A shift in emphasis from surfaces to air will be welcomed by the lighting industry.

UVC light – which breaks the DNA of micro-organisms (RNA in the case of the coronavirus) and makes them harmless – are more effective targeting pathogens in the air than on surfaces.

Properly-designed upper-air disinfection – where air-borne viruses are killed by UVC light from light sources mounted safely above and invisible to occupants – isn’t harmful to surfaces or humans.

Recently, scientists at Boston University confirmed that medium-pressure mercury vapour lamps – which emits UVC at a wavelength of 254 nanometres – can kill the coronavirus ‘in seconds’.

In a recent statement, the Illumination Engineering Society (IES) agreed that targeting indoor air was the way forward: ’While UVC could be a secondary infection control measure for disinfecting potential germ-carrying deposits on accessible (not-shadowed) surfaces, its great value would be in disinfecting air in areas where this may be a concern’.

Upper-air germicidal ultraviolet is the safest, most effective application of UVC’.

The big lighting brands are betting heavily on a lucrative emerging market for upper-room UVC lighting systems.

Signify chief Eric Rondolat recently told Lux that he envisions a booming market: ’We believe this is a fabulous potential moving forward’.

The company is not revealing how much it is investing.
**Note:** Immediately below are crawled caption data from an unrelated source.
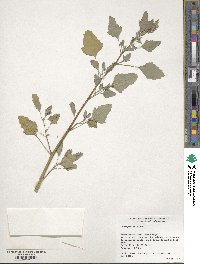 Image of Chenopodium album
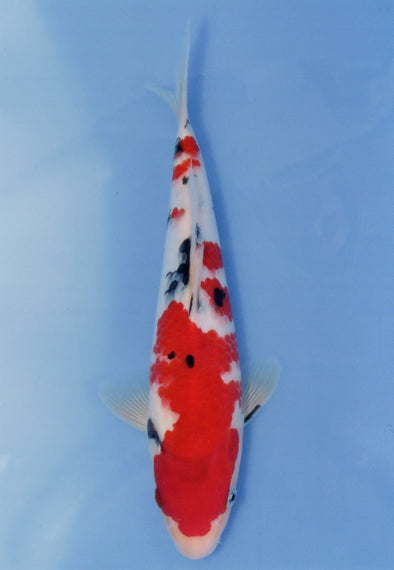 MARUDO JUMBO TOSAI 10"-13" CERTIFICATE KOI #48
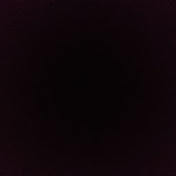 Profile Picture of Joshua Roman (@JoshuaRoman-r4j9j) on Youtube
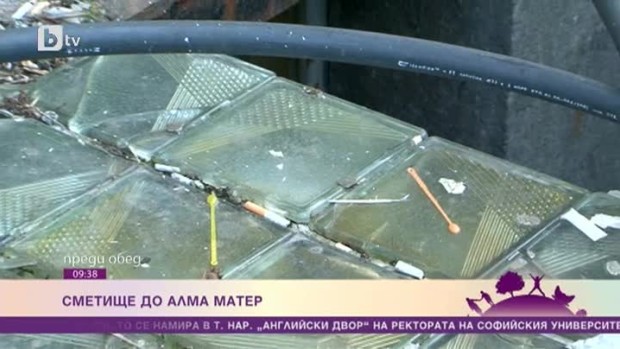 Снимка: Сметище до Алма Матер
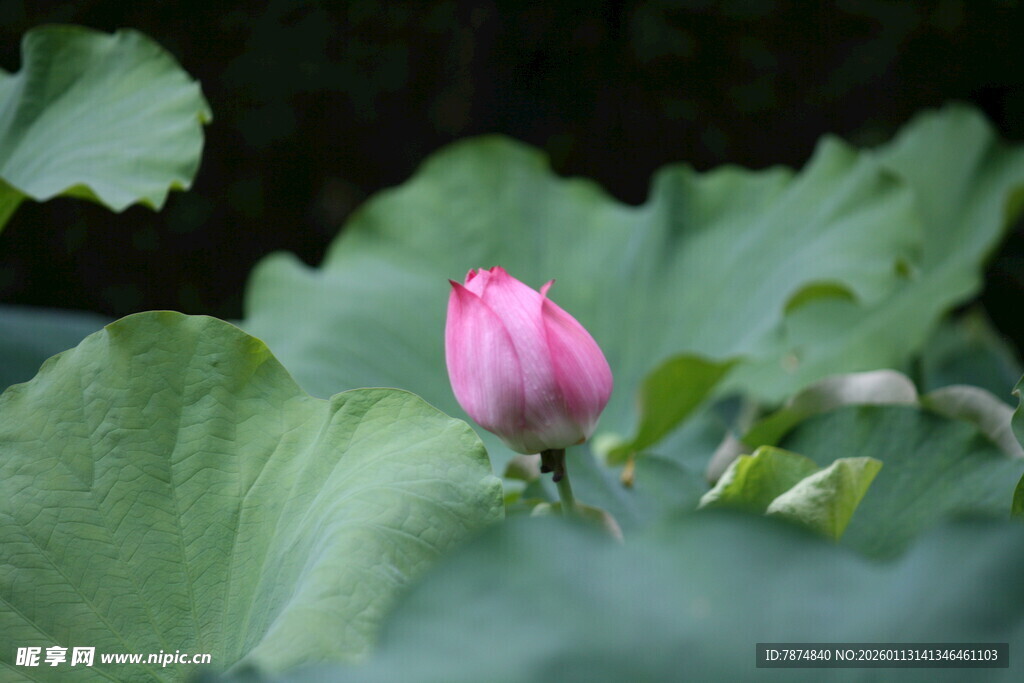 含苞待放的粉嫩荷花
Osram recently gained international approval for its UVC mercury lamp range and says 2,000 units of its Chinese-made UVC lamp, the AirZing, are already in use in hospitals in Wuhan and Beijing.

Its factory in Kunshan has a capacity of 35,000 units per month, but management are exploring ways to increase this number.

The lighting industry is also gearing up to produce other UVC-based products including mobile, freestanding UVC luminaires that can be wheeled into a hotel room or used to disinfect surfaces on public transport such as buses and trains and disinfection chambers for phones, bags, laptops and wallets.